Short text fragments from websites
————————

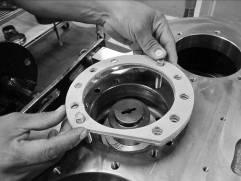 Place the bearing cup into its bore. Install the rear cap with the original shim pack. See Figure 74.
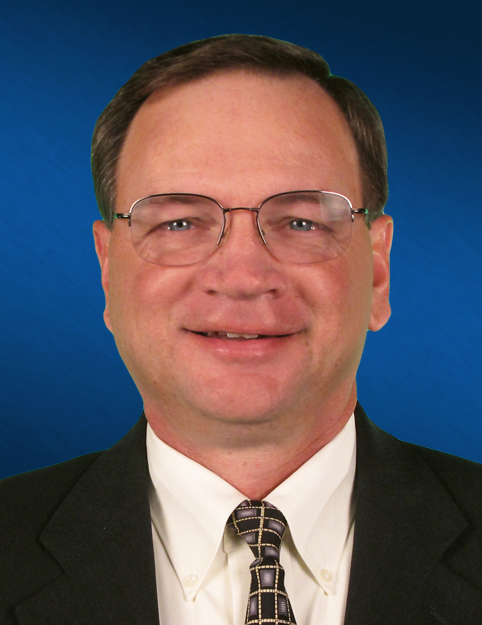 an image of Pete Berridge wearing a suit and tie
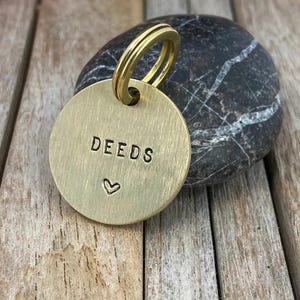 Könnte beinhalten: Ein kreisförmiger Messinganhänger mit gebürsteter Oberfläche und einem goldfarbenen Spaltring. Das Wort DEEDS ist in Großbuchstaben in die Mitte geprägt, mit einem kleinen Herzsymbol, das direkt unter dem Text auf der Vorderseite eingeprägt ist.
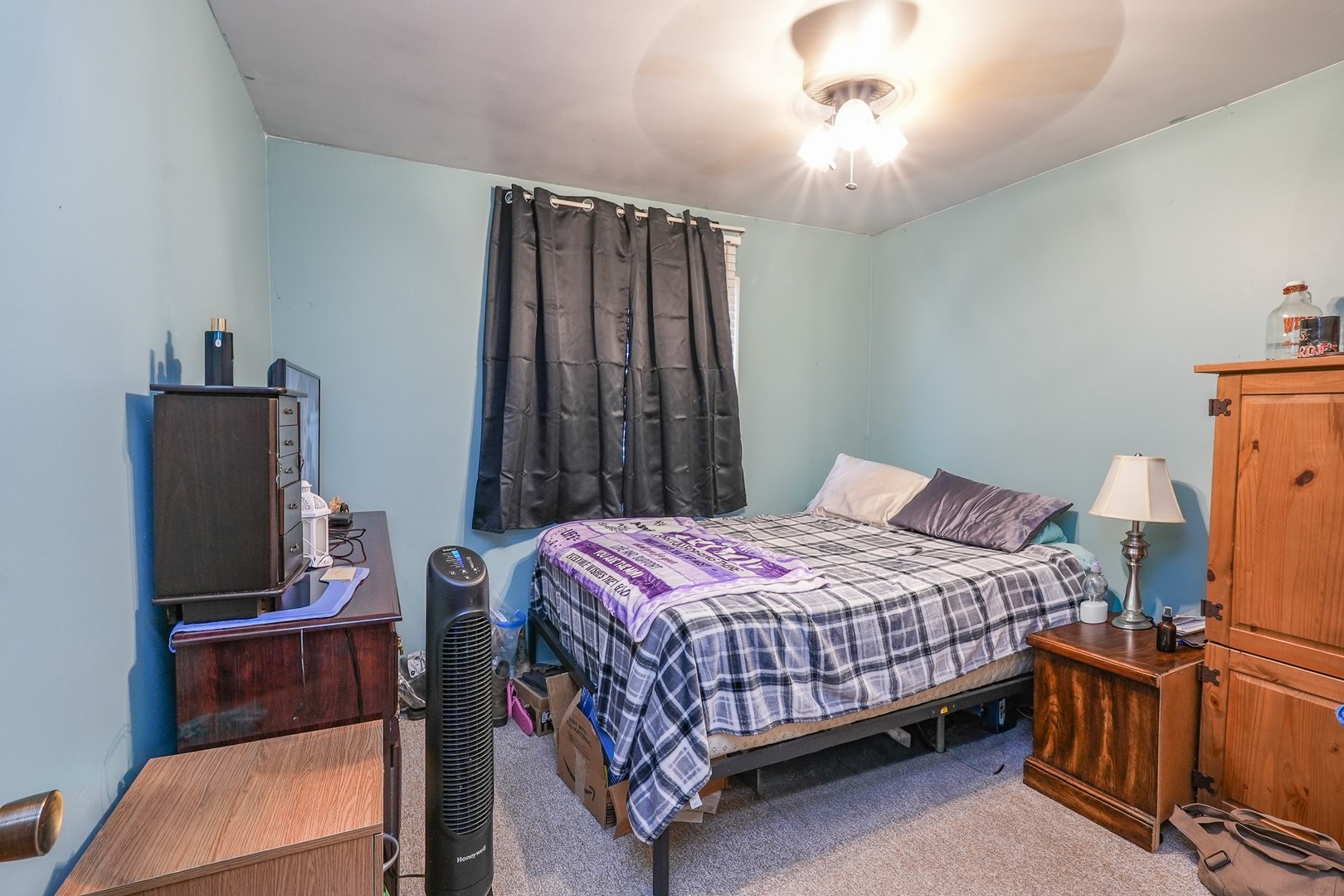 27429 South Scheer Road Manhattan, IL 60442 - Photo 21 of 21 a bedroom with a bed furniture and a flat tv screen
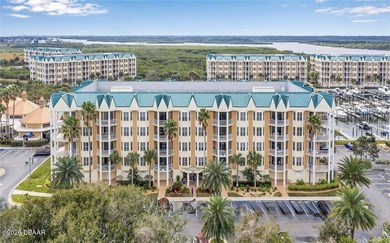 Bright open plan corner unit has TWO balconies overlooking woods on Harbour Village Golf and Yacht Club in Florida - for sale on GolfHomes.com, golf home, golf lot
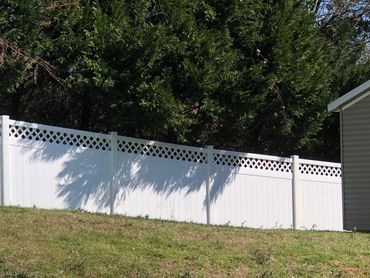 White vinyl fence with lattice top panels beside a beige shed and grassy hill.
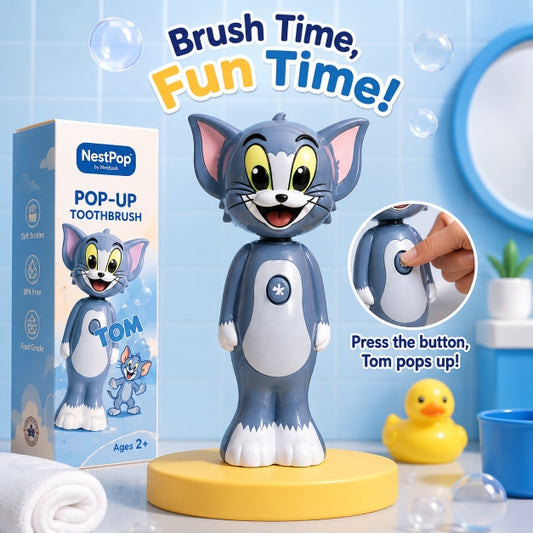 NestPop Tom pop-up toothbrush for kids displayed with its packaging in a playful blue bathroom setting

————————

* _What is expected_: From the line containing "Könnte beinhalten: Ein" to the end of the data above, give those lines again verbatim, with both endpoints included and no images.

* _Answer for this exercise_:
 Könnte beinhalten: Ein kreisförmiger Messinganhänger mit gebürsteter Oberfläche und einem goldfarbenen Spaltring. Das Wort DEEDS ist in Großbuchstaben in die Mitte geprägt, mit einem kleinen Herzsymbol, das direkt unter dem Text auf der Vorderseite eingeprägt ist.
 27429 South Scheer Road Manhattan, IL 60442 - Photo 21 of 21 a bedroom with a bed furniture and a flat tv screen
 Bright open plan corner unit has TWO balconies overlooking woods on Harbour Village Golf and Yacht Club in Florida - for sale on GolfHomes.com, golf home, golf lot
 White vinyl fence with lattice top panels beside a beige shed and grassy hill.
 NestPop Tom pop-up toothbrush for kids displayed with its packaging in a playful blue bathroom setting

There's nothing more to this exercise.